The Best American Mystery Stories of the Nineteenth Century
Page 56
“How, Tom?”
“Buy the boots for two dollars!”
Well, it ’most took my breath.
“My land! Why, Tom, we’ll get the di’monds!”
“You bet. Some day there’ll be a big reward offered for them—a thousand dollars, sure. That’s our money! Now we’ll trot in and see the folks. And mind you we don’t know anything about any murder, or any di’monds, or any thieves—don’t you forget that.”
I had to sigh a little over the way he had got it fixed. I’d ’a’ sold them di’monds—yes, sir—for twelve thousand dollars; but I didn’t say anything. It wouldn’t done any good. I says:
“But what are we going to tell your aunt Sally has made us so long getting down here from the village, Tom?”
“Oh, I’ll leave that to you,” he says. “I reckon you can explain it somehow.”
He was always just that strict and delicate. He never would tell a lie himself.
We struck across the big yard, noticing this, that, and t’other thing that was so familiar, and we so glad to see it again, and when we got to the roofed big passageway betwixt the double log house and the kitchen part, there was everything hanging on the wall just as it used to was, even to Uncle Silas’s old faded green baize working-gown with the hood to it, and raggedy white patch between the shoulders that always looked like somebody had hit him with a snowball; and then we lifted the latch and walked in. Aunt Sally she was just a-ripping and a-tearing around, and the children was huddled in one corner, and the old man he was huddled in the other and praying for help in time of need. She jumped for us with joy and tears running down her face and give us a whacking box on the ear, and then hugged us and kissed us and boxed us again, and just couldn’t seem to get enough of it, she was so glad to see us; and she says:
“Where have you been a-loafing to, you good-for-nothing trash! I’ve been that worried about you I didn’t know what to do. Your traps has been here ever so long, and I’ve had supper cooked fresh about four times so as to have it hot and good when you come, till at last my patience is just plumb wore out, and I declare I—I—why I could skin you alive!

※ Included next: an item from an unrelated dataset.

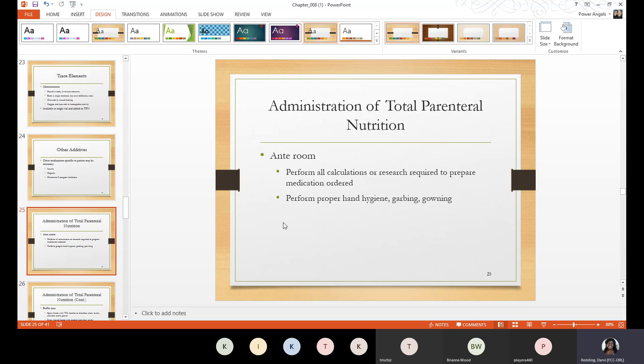To prepare a TPN, all calculations and research required happen in the ante-room — the 'before room.' This is where an aseptic hand wash takes place, proper hand hygiene is performed, and proper garbing and gowning occurs. Garbing includes putting on gloves, hair bonnet, and shoe covers, while gowning includes putting on the lab coat.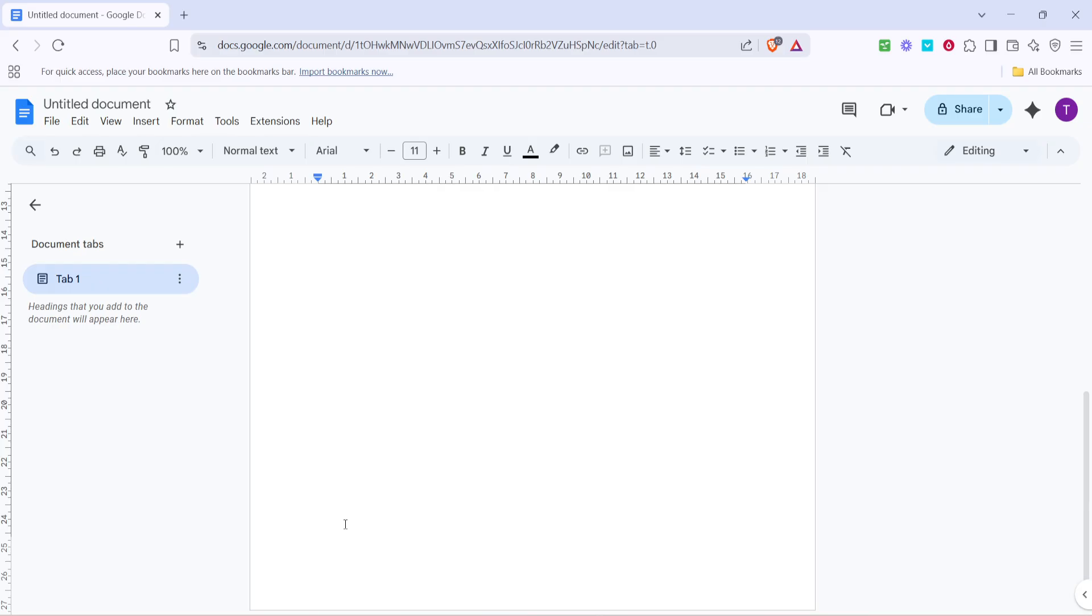First things first, we're going to begin in Google Docs. If you haven't already, open up any document - it could be a new one or an existing document where you'd like to use designs from Canva.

You must be starving, poor things!—set down, set down, everybody; don’t lose no more time.”
It was good to be there again behind all that noble corn-pone and spareribs, and everything that you could ever want in this world. Old Uncle Silas he peeled off one of his bulliest old-time blessings, with as many layers to it as an onion, and whilst the angels was hauling in the slack of it I was trying to study up what to say about what kept us so long. When our plates was all loadened and we’d got a-going, she asked me, and I says:
“Well, you see,—er—Mizzes—”
“Huck Finn! Since when am I Mizzes to you? Have I ever been stingy of cuffs or kisses for you since the day you stood in this room and I took you for Tom Sawyer and blessed God for sending you to me, though you told me four thousand lies and I believed every one of them like a simpleton? Call me Aunt Sally—like you always done.”
So I done it. And I says:
“Well, me and Tom allowed we would come along afoot and take a smell of the woods, and we run across Lem Beebe and Jim Lane, and they asked us to go with them blackberrying to-night, and said they could borrow Jubiter Dunlap’s dog, because he had told them just that minute—”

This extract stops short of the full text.